## THE RECORDS

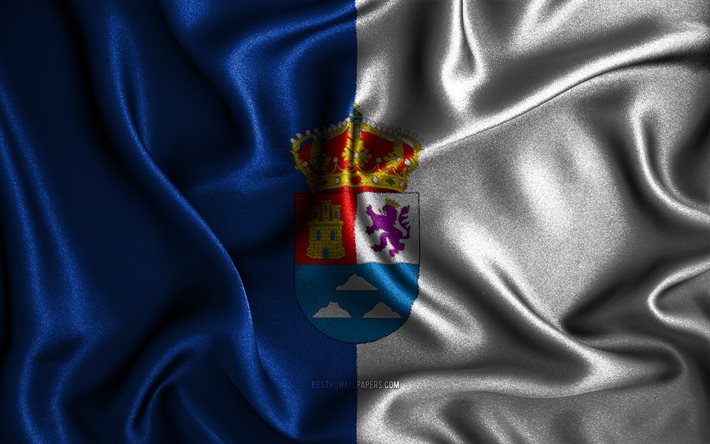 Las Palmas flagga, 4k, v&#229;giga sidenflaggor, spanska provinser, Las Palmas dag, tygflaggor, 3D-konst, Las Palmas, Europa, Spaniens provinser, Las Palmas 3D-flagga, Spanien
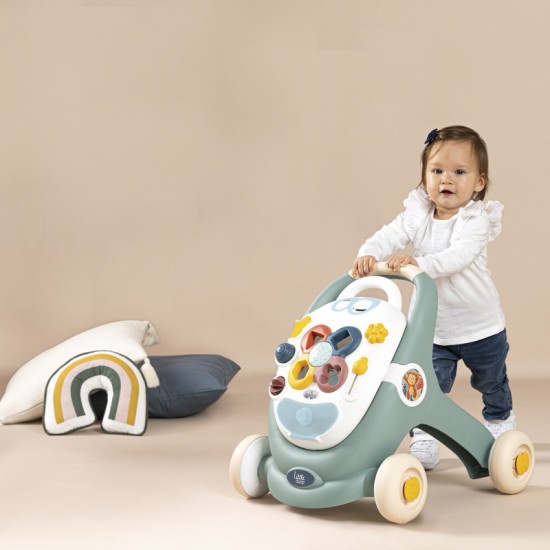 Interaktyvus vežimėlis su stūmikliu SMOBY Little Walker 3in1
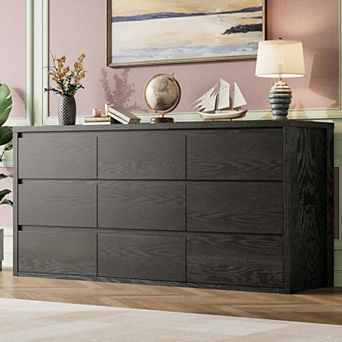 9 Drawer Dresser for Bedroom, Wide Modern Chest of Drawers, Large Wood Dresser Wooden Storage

...

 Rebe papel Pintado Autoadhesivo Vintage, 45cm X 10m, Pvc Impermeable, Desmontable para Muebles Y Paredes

## WHAT IS BEING ASKED
Above are records; repeat only the lines from the line with "Las Palmas flagga, 4k, v&#229;giga" through the line with "9 Drawer Dresser", and leave pictures out.

## EXERCISE RESPONSE
 Las Palmas flagga, 4k, v&#229;giga sidenflaggor, spanska provinser, Las Palmas dag, tygflaggor, 3D-konst, Las Palmas, Europa, Spaniens provinser, Las Palmas 3D-flagga, Spanien
 Interaktyvus vežimėlis su stūmikliu SMOBY Little Walker 3in1
 9 Drawer Dresser for Bedroom, Wide Modern Chest of Drawers, Large Wood Dresser Wooden Storage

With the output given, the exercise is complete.